A denunciarlo è la Coldiretti proprio quando, con l’estate 2017, i consumi di frutta e di verdura sulle tavole degli italiani registrano valori record dall’inizio del nuovo millennio anche grazie al gran caldo.

Rispetto allo scorso anno, rileva altresì l’Organizzazione degli agricoltori, in Italia i consumi di frutta e verdura segnano un balzo del 9,7%, ma per i produttori di frutta estiva, di contro, in molti casi i bilanci sono in perdita a causa di quelle che la Coldiretti bolla come ‘pratiche commerciali sleali lungo la filiera’.

Secondo la Coldiretti, per salvare i frutteti italiani occorre evitare che i prodotti che vengono importati dall’estero vengano spacciati e venduti come made in Italy, e per questo, per le conserve e per i succhi, occorre introdurre l’obbligo di indicare sull’etichetta associata al prodotto quella che è la provenienza della frutta soggetta a lavorazione ed a trasformazione.

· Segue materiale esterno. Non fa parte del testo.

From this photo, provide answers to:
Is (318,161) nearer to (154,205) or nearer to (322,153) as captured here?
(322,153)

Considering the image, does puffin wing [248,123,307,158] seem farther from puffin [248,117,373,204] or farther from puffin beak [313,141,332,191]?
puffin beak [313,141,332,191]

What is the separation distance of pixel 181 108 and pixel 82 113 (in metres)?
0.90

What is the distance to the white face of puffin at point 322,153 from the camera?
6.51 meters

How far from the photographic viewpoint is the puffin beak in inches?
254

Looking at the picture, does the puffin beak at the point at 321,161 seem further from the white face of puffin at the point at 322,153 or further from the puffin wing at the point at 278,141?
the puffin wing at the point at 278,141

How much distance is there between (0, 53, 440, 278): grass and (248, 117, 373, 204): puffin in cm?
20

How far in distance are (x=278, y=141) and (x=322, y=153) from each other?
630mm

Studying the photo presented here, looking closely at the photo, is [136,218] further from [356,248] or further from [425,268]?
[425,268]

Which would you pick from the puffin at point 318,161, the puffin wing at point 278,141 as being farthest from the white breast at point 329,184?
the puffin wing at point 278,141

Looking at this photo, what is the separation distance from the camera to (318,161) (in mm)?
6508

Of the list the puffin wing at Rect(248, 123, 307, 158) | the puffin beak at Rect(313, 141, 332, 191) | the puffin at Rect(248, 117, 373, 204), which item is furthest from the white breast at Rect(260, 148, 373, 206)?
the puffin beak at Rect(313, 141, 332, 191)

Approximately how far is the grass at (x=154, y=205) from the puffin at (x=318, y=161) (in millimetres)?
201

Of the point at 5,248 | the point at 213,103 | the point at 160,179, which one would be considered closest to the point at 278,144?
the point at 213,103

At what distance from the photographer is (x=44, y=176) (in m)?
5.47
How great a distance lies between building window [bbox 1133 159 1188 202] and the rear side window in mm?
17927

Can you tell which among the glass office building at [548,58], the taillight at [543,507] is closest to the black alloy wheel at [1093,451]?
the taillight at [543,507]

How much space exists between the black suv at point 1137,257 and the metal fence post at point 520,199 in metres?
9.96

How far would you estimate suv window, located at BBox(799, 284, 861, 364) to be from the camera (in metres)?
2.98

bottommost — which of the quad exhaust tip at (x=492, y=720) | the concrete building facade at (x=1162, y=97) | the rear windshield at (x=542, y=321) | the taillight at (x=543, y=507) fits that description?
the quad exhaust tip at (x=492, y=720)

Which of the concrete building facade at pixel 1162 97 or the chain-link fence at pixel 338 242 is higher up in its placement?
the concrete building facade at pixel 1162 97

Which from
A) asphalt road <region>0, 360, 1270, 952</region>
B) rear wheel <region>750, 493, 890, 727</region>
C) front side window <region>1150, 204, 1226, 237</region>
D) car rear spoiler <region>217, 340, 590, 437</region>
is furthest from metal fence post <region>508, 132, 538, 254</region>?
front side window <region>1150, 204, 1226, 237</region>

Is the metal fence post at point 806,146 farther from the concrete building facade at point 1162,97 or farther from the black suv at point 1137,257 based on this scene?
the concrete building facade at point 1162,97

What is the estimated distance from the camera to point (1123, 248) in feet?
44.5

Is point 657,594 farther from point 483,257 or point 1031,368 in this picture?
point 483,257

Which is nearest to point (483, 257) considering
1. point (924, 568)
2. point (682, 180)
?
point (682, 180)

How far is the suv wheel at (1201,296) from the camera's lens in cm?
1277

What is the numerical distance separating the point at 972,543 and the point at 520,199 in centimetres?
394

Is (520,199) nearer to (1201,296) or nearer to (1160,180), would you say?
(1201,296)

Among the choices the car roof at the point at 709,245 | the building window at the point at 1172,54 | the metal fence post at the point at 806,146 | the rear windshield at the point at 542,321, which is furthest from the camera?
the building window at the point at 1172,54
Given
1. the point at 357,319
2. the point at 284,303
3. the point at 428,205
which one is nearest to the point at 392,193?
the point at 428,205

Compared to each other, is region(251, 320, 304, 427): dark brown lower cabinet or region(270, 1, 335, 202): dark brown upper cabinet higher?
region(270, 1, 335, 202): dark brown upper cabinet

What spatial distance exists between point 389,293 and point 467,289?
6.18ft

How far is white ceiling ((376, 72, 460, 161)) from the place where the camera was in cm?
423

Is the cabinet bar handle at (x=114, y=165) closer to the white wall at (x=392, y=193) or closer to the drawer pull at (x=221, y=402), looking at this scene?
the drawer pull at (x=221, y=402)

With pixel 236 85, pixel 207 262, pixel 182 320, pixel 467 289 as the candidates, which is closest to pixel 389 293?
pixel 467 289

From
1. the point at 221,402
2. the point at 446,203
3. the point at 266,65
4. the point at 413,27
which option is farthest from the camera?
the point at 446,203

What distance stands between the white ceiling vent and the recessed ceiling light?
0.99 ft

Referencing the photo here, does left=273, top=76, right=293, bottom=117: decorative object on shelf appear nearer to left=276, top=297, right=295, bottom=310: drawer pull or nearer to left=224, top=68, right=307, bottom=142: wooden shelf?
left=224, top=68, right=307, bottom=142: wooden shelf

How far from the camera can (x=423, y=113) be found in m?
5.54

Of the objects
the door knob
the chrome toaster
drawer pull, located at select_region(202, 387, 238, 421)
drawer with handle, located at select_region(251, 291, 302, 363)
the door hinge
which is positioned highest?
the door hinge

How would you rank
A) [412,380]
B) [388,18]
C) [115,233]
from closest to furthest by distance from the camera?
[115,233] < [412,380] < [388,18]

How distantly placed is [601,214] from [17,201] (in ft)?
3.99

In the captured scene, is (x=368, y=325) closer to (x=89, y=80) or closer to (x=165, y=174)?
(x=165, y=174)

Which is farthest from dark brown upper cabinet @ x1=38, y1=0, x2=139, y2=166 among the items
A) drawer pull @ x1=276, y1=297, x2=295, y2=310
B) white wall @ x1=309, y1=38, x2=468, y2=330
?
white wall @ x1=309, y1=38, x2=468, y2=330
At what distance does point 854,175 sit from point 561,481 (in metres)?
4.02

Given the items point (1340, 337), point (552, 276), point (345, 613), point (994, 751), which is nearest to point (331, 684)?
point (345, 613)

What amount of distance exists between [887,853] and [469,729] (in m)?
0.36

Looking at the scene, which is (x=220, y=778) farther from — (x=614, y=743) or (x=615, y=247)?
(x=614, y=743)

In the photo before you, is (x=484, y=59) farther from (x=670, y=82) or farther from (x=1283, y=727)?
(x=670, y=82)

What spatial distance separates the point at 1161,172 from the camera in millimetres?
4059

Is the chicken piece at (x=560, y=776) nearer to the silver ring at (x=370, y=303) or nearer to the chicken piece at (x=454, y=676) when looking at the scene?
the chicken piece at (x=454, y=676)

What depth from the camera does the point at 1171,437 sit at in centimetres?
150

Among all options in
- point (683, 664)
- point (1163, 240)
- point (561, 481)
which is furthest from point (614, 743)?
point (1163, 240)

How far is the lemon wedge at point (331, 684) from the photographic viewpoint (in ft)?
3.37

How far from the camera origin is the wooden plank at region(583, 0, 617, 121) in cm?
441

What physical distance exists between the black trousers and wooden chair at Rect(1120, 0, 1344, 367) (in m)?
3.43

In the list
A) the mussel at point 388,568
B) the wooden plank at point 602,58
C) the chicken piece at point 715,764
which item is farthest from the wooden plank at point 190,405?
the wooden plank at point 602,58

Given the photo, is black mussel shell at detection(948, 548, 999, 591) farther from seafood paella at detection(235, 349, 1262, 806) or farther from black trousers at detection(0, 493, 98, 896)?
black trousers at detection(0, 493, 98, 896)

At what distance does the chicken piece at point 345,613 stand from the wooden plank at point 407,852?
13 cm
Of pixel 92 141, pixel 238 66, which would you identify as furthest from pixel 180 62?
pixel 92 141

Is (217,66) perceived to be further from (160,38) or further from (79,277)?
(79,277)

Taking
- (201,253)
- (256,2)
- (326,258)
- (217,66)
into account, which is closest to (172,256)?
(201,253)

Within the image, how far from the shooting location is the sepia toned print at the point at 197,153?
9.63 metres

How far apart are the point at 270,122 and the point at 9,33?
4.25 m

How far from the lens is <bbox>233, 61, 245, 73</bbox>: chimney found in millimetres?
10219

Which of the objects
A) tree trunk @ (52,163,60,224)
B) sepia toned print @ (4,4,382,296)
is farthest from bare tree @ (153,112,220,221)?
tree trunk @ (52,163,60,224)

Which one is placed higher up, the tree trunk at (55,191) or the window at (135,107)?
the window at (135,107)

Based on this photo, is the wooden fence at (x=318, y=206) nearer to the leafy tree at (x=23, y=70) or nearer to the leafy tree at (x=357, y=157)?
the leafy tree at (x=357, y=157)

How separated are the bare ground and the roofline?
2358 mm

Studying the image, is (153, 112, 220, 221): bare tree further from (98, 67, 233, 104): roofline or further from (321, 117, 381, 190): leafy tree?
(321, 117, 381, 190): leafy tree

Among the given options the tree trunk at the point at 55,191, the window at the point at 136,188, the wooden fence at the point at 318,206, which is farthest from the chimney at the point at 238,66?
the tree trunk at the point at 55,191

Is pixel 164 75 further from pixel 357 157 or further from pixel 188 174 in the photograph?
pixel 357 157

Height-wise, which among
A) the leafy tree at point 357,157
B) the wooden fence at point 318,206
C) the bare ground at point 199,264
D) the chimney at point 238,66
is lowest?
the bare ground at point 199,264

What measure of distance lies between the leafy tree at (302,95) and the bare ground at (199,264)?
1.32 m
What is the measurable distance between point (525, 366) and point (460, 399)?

Lo stesso dicasi per la tutela dell’ortofrutta fresca made in Italy attraverso un rafforzamento dei controlli che eviti la vendita di ortofrutta fresca importata e spacciata come prodotto nazionale. In base alle rivelazioni dell’Organizzazione degli agricoltori, negli ultimi 15 anni in Italia sono scomparsi oltre 140 mila ettari di piante che hanno portato il frutteto italiano a ridursi del 33%.

E di questo passo il nostro Paese rischia di perdere il primato della produzione di frutta e verdura che sono gli alimenti chiave su cui si basa la dieta mediterranea. Grazie alla frutta ed alla verdura, infatti, con la dieta mediterranea l’organismo può ricevere tante sostanze preziose, dalle vitamine ai sali minerali e passando per le fibre, gli zuccheri, i carotenoidi e gli antiossidanti.